The Dances

A short introduction to Swing

Swing has to do with the rhythm of the music where accented notes are played at roughly twice the emphasis of the non-accented notes. A simple way of explaining this is to say the word “Bicycle.” It’s got three syllables, but the emphasis of the first syllable is roughly twice that of the last two.

Swing is the predominant style of jazz music played from roughly the late 1920s to mid-1940s and music played in this style. Swing is usually, but not always, played by big band ensembles using a rhythm section including drums, bass, sometimes a guitar and almost always a piano, a brass section of trumpets and trombones, and a reed section of saxophones and clarinets.

Musicians and bandleaders who are most known for their contributions to this music include Benny Goodman, Chick Webb, Duke Ellington, Ella Fitzgerald, Count Basie, Billie Holliday, Jimmie Rushing, Slim Gaillard, Lionel Hampton, Slam Stewart, Fats Waller, Nina Simone, Oscar Peterson, Louis Armstrong...and we're just getting started. Many musicians also carried the tradition of hard-swinging rhythm past the Swing era, and bring to us with a whole new generation of Swinging Jazz to listen and dance to.

Lindy Hop: the dance that started it all. You may remember seeing it (poorly) performed on the Gap Khakis Swing ad a few years ago, or in the movie Swing Kids even farther back. It is the original Swing dance, and it was named after Charles A. Lindbergh, the greatest hero of the day.

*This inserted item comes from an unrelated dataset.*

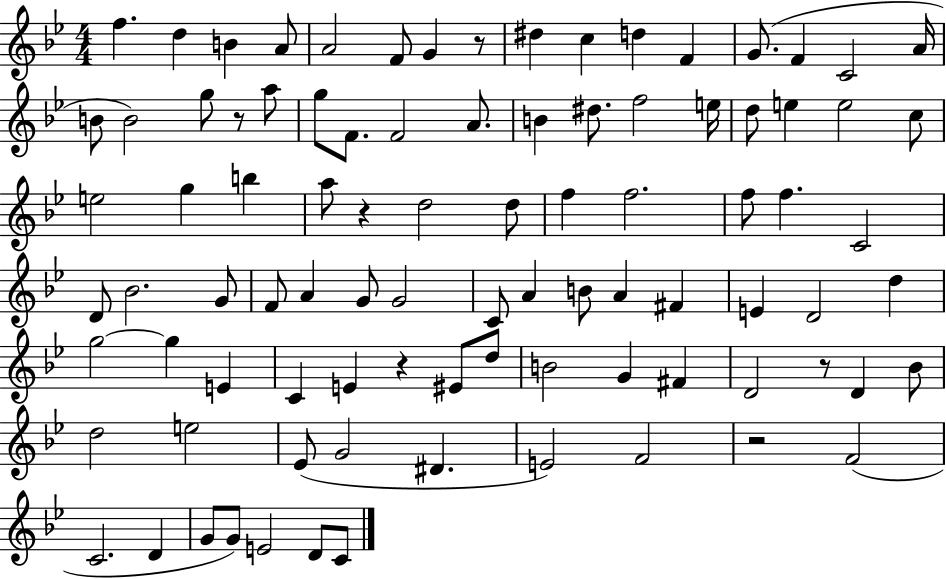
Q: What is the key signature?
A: BES major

Legend has it that the dance was spontaneously named by one of the Harlem’s best in the day, Shorty George Snowden, when he saw a newspaper whose headline read “Lindy Hops the Atlantic.” Today the Lindy Hop stands as America’s true National Folk Dance. It was first created by African-American kids during the Harlem Renaissance of the 1920s and 30s and danced to the hot new popular music of the day—swing. Like the Swinging Jazz it is danced to, Lindy Hop is improvisational. The original forms of Lindy Hop borrowed from and intermixed with the Charleston and Jazz Steps. Today’s Lindy Hoppers also glean from Tango, Hip Hop, Carolina Shag, and West Coast Swing, just to name a few.

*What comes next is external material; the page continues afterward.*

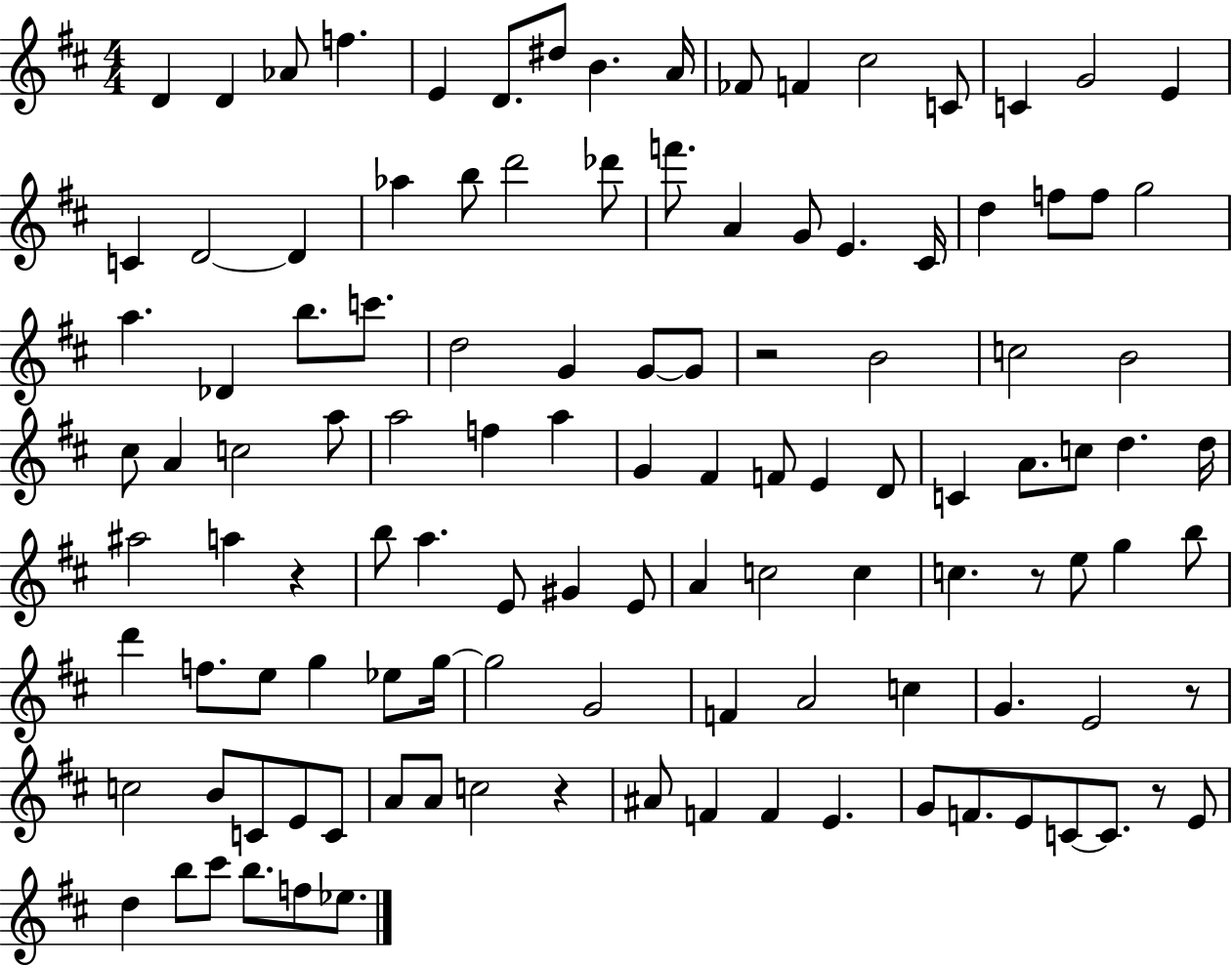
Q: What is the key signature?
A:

The Lindy Hop has enjoyed a Renaissance in recent years, starting in 1984 when Frankie Manning, a pioneer of the dance in the 1930s and choreographer for the famous troupe Whitey’s Lindy Hoppers, was coaxed out of retirement by Steven Mitchell and Erin Stevens. Interest in Swing music, the Lindy Hop, and surrounding culture spiked in the late 1990s when the Swing craze boomed nationally. The dance today is alive and well, and its practitioners are forging new paths with the timeless dance.